In which we assassinate the characters of Eleanor, Young Henry, Richard, Geoffrey and John.

If you think about it, Henry II and Eleanor of Aquitaine were a disaster waiting to happen.

Henry was a classic match of incredible ability and enormous flaws. He was intelligent, energetic, brave, charismatic, generous, loyal and well educated. He had a gift for law, management, politics and war. And, unlike many kings of his time, he seemed to genuinely care about what happened to his non-noble subjects. But he was also cursed with what your high school counselor would have called "anger management issues" and "impulse control challenges." In short, he flew off the handle and doinked anything that moved.

Eleanor, after the jump-



Then there's Eleanor.
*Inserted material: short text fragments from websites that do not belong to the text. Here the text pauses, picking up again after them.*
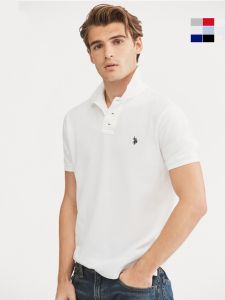 เสื้อโปโลแขนสั้นผ้าฝ้ายแท้สำหรับผู้ชายในช่วงฤดูร้อนจาก US Polo Association ทรงหลวมสบายๆ สไตล์อเมริกัน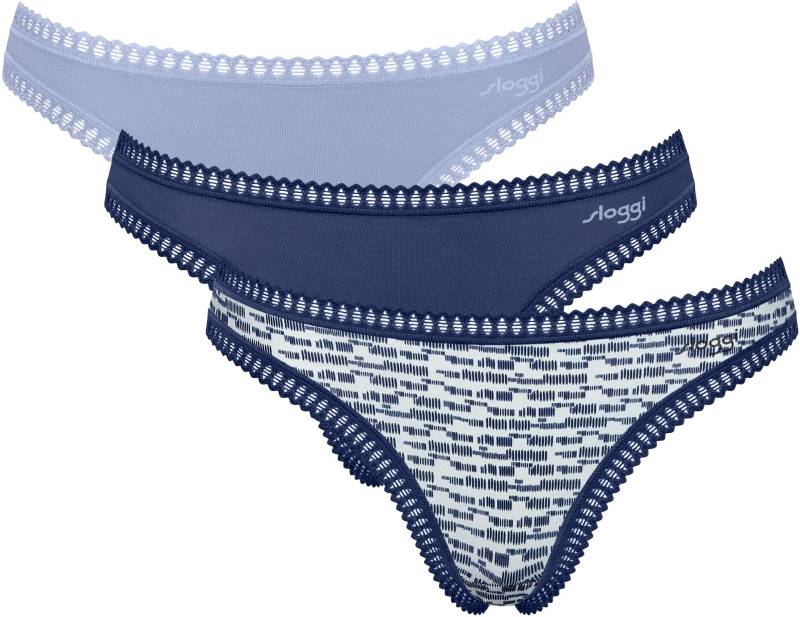 sloggi Slip »GO Crush String C3P«, (3er Pack), Spitzendetails von Sloggi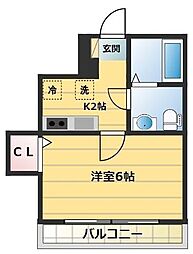 ウエストガーデン所沢 1階1Kの間取り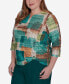 Plus Size Emerald Isle Colorblock Texture Top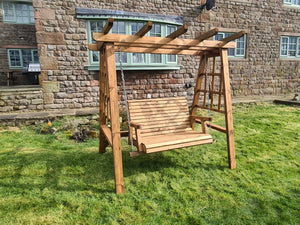 Valley 2 Seater Chunky Wooden Garden Swing Seat & Bench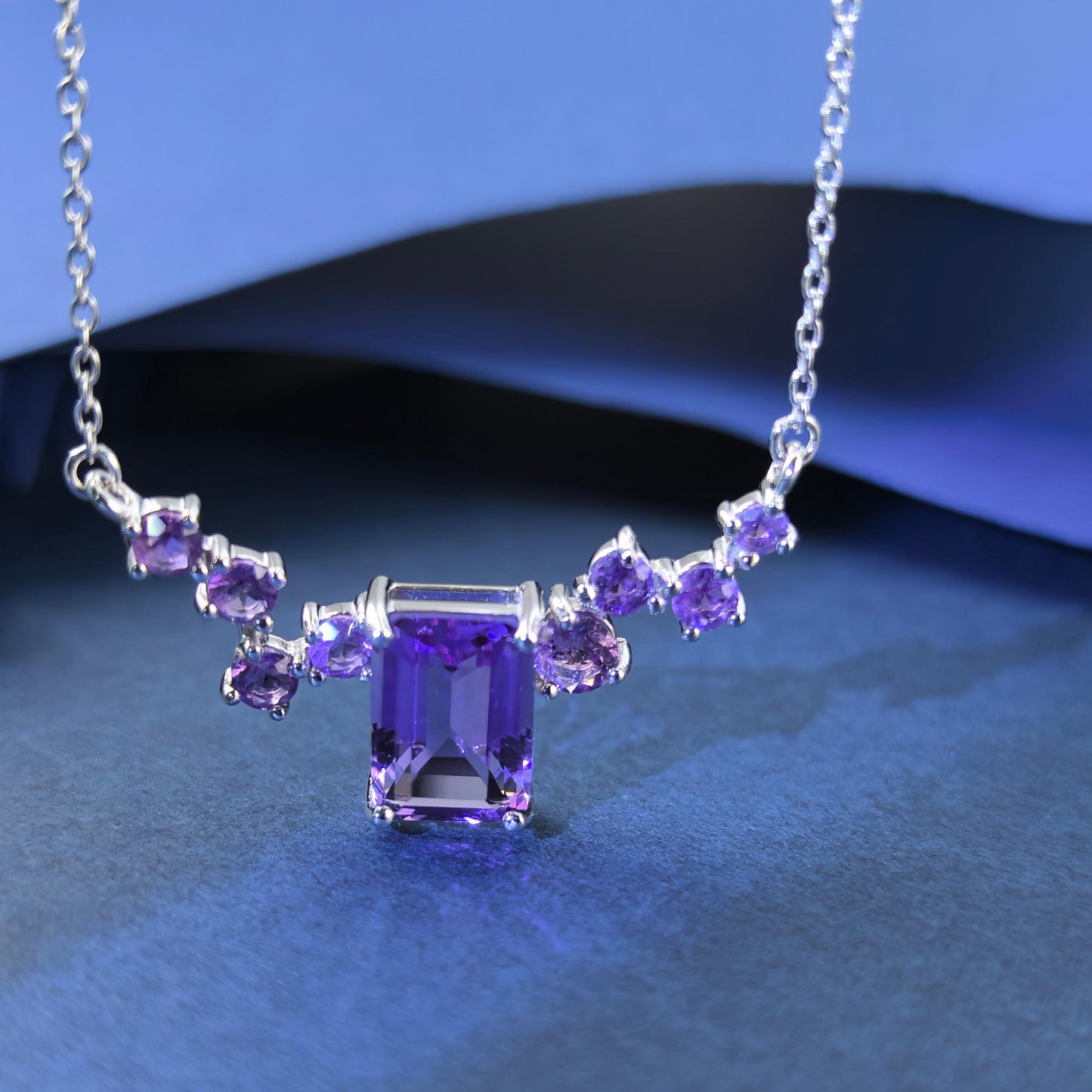 Gorgeous Rhodium Plated Silver 925 Jewelry Natural Amethyst Necklace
You don't become the most eligible woman in Europe without brains, confidence and a certain feeling of entitlement to go with your looks and lands. When Eleanor married Henry, she was ten years older than he was, and a divorcee with two daughters from her prior marriage to Louis of France. Henry was brilliant - but he was also a twenty-year old mama's boy on his first marriage, and not even king yet. To say that Eleanor had the upper hand in experience with family, children, and royalty is understating it. 

And she didn't just have the edge in experience; she was also the richest woman in Western Europe, one of the most well traveled (she had been on Crusade, unlike Henry) - and she was a celebrity. She inspired a literary movement. There was even a drinking song about her ("Were the world all mine, from the sea to the Rhine, I'd give it all for the Queen of England in my arms..."). She was sort of a combination Hillary Clinton, Elizabeth II and Rosanna Arquette.

So when it became clear that King Henry of England didn't need Eleanor as much as Duke Henry of Normandy had needed her;  that Henry would never sit still, but be on the road so constantly that he would be nicknamed "Curtmantle" for the short riding cloak he wore; and most especially, that his feet weren't the only part of his body that wandered...well, we can imagine that Eleanor was more than a little upset. Their marriage had always been a soap opera - lots of passion (eight kids!) and lots of fights. But Eleanor had seemed reconciled to Henry's cheating, as long as he kept it on the down-low.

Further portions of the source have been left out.